▶ _Task details_
Look below for the line containing "White Rose 2"; from there, print each line exactly up to and including the line containing "Myaira Swivel Glider Recliner, Gray", and stop.

▶ _Provided information_
┌──

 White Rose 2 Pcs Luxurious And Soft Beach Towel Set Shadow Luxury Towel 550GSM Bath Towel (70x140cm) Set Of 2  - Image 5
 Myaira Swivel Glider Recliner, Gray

└──
┌──

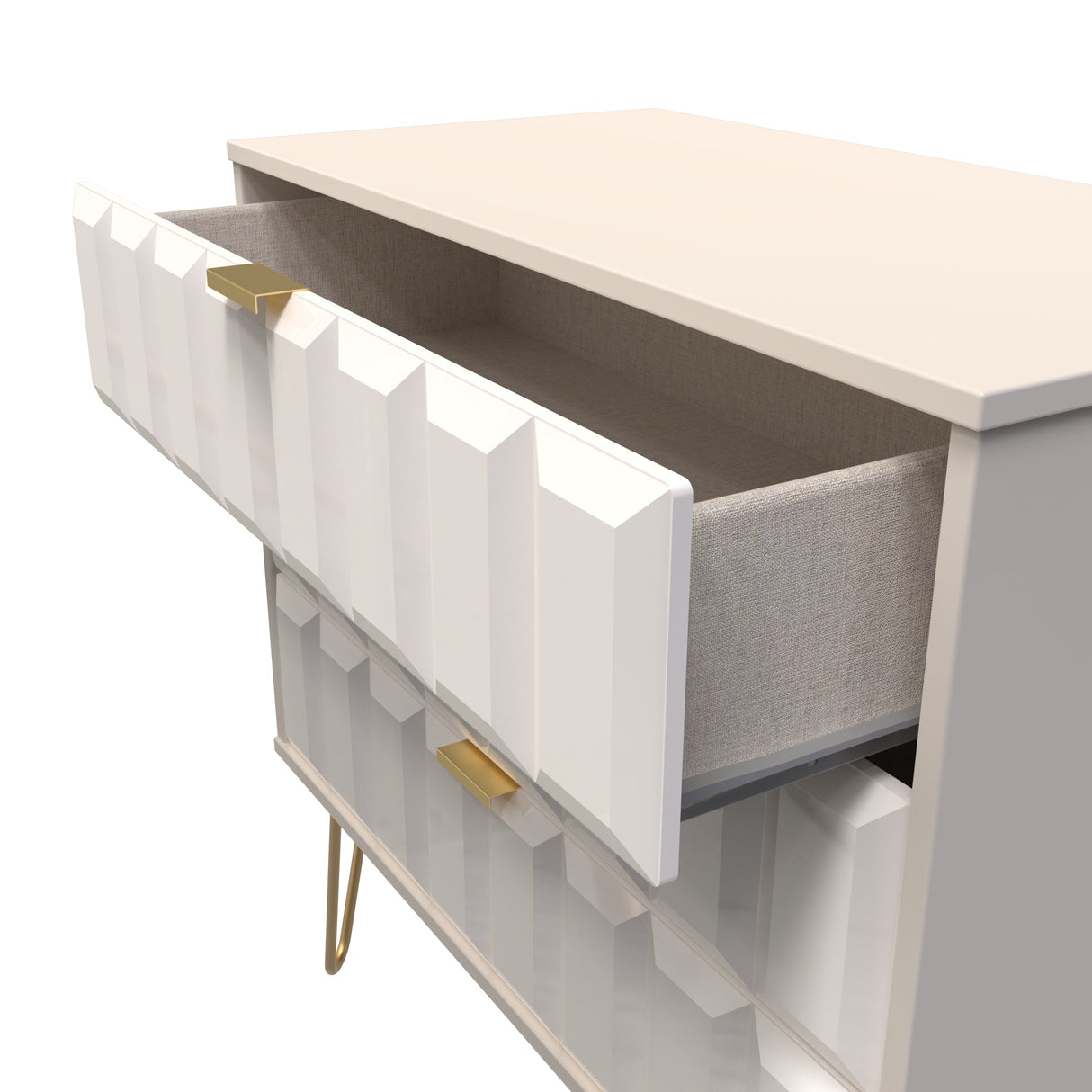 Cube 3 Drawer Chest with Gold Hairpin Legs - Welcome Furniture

└──

▶ _Response_
 White Rose 2 Pcs Luxurious And Soft Beach Towel Set Shadow Luxury Towel 550GSM Bath Towel (70x140cm) Set Of 2  - Image 5
 Myaira Swivel Glider Recliner, Gray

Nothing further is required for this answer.